If you are hungry, what do you do? You eat. What do you do if you are thirsty? You drink. Spiritually speaking, what if you are hungry or thirsty in your soul? You go to God. You pray. You open up your Bible. Most of us can go a few hours and then our brain gives us a trigger, I’m hungry or I’m thirsty. Or our stomach growls. Or our throat is parched. Those are signs. Your body is trying to get your attention so that you know that your tank is low. It’s time to replenish.
Even our biology, the way we would die after a few weeks without food, or worse, a few days without water, our biology communicates that we are frail.
What about your spiritual life? Wouldn’t you know – by design, our souls are equally frail. Do you find it easy to go a several days, several weeks and even several months without cracking your Bible open or praying? If so, then according to this text, your life is not blessed by God. You can have food in the refrigerator, and money in the bank account, but your life is just a shell of a life. You are living a spiritually anemic life and it’s no wonder there is no strength, nor vitality. Because you haven’t been feeding on God’s Word and drinking in His presence and seeking His face in prayer.
More specifically, what are we to hunger and thirst for? Righteousness. There are two kinds of righteousness: personal and societal. Because of our sin, we hunger and thirst to be righteous personally. To be in right standing before God. We desire to have our sins covered and pardoned. And this is not a one-time forgiveness, but we repent daily so that we can be forgiven daily.
Also, when we look at the sins in the world, we long for God’s righteousness, we long for God to establish things like justice and fairness and equality. And this longing points to the Second Coming of Christ when Jesus will come to establish, not a spiritual kingdom in heaven, way up there in the clouds, but a real kingdom on earth, a new heaven and a new earth. In essence, heaven will come crashing down to earth permanently and heaven and earth will be one. A new creation will be established. A new kingdom where Christ reigns supreme. Instead of selfishness and greed and war and poverty reigning in the world, this new kingdom on earth will be a place of humility and love and peace and justice for all.

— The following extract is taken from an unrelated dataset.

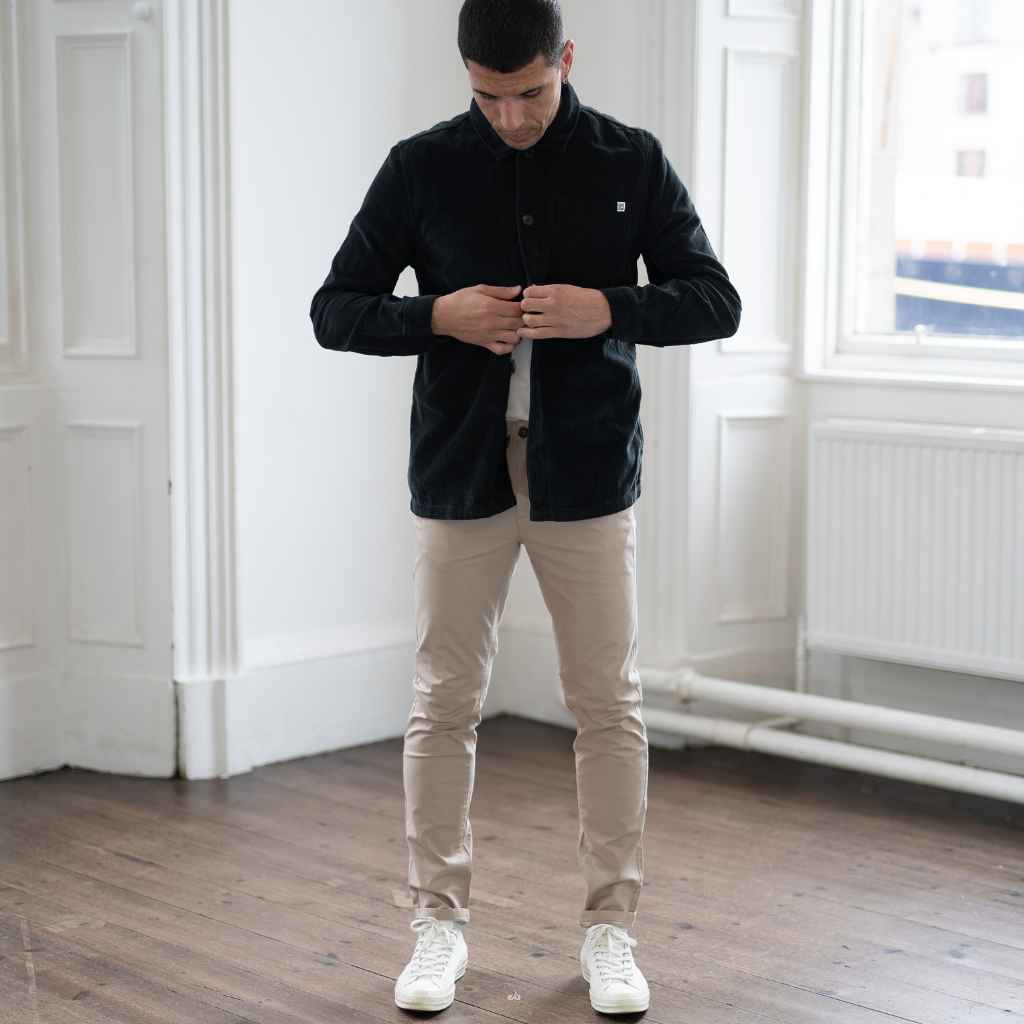 model wears paradaiza cord overshirt , with sand  chinos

Earlier I mentioned the phrase – “already, but not yet.” If you are believer, then you’ve already tasted what it’s like to be a citizen in the kingdom of God, but you know it’s not yet fully realized. You’ve got your passport but maybe you’re still on the plane on the way to the destination. You’ve tasted the Lord’s goodness. You’ve seen it. It’s personal, it’s something you’ve experienced in your heart, but it comes and goes. You’ve seen the kingdom of God in crystal high-def clarity one moment and then the next moment, it’s analog TV. The picture is fuzzy. It gets out of focus quite often because of sin.

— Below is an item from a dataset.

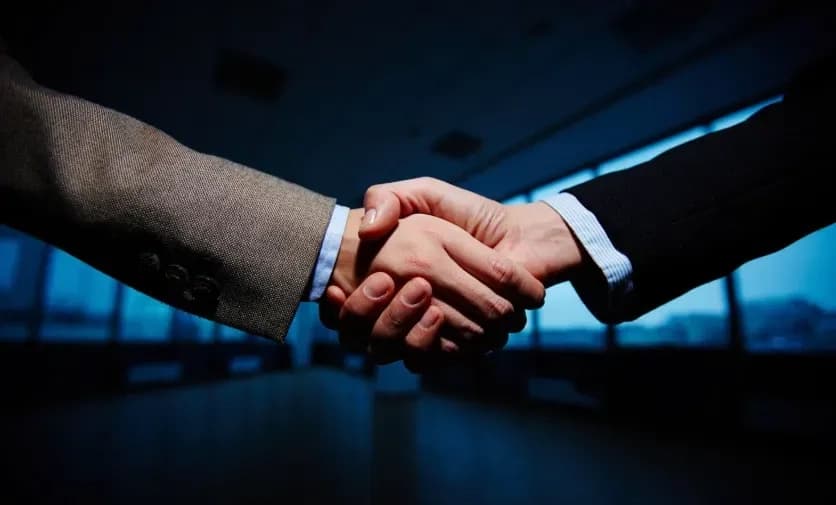 Two people in business suits shaking hands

Every believer is supposed to display what’s it like to be a citizen in this kind of future kingdom to the world as a foreshadowing of what is to come. When believers are gathered, we are supposed to be a foretaste, a pocket of this kingdom of God in the midst of the kingdom of man. Churches, we are supposed to be pockets of heaven, here and now on earth, displaying the qualities of lives blessed by God. So that others may seek God and enter for themselves.
Like an appetizer before a big feast, the fried calamari or egg rolls come out and what happens? Your saliva glands are activated. The appetizer functions to jumpstart and whet your appetite for the steak and lobster on the way. When we’ve tasted a bit of Christ and a bit of what it means to live in his kingdom, we want more of it. Our spiritual palates have tasted and seen that the Lord is good and we want the main course to come.
But because Christ has not yet come, we have to wait for the main entree and that is why we are in a perpetual state of hunger and thirst for righteousness.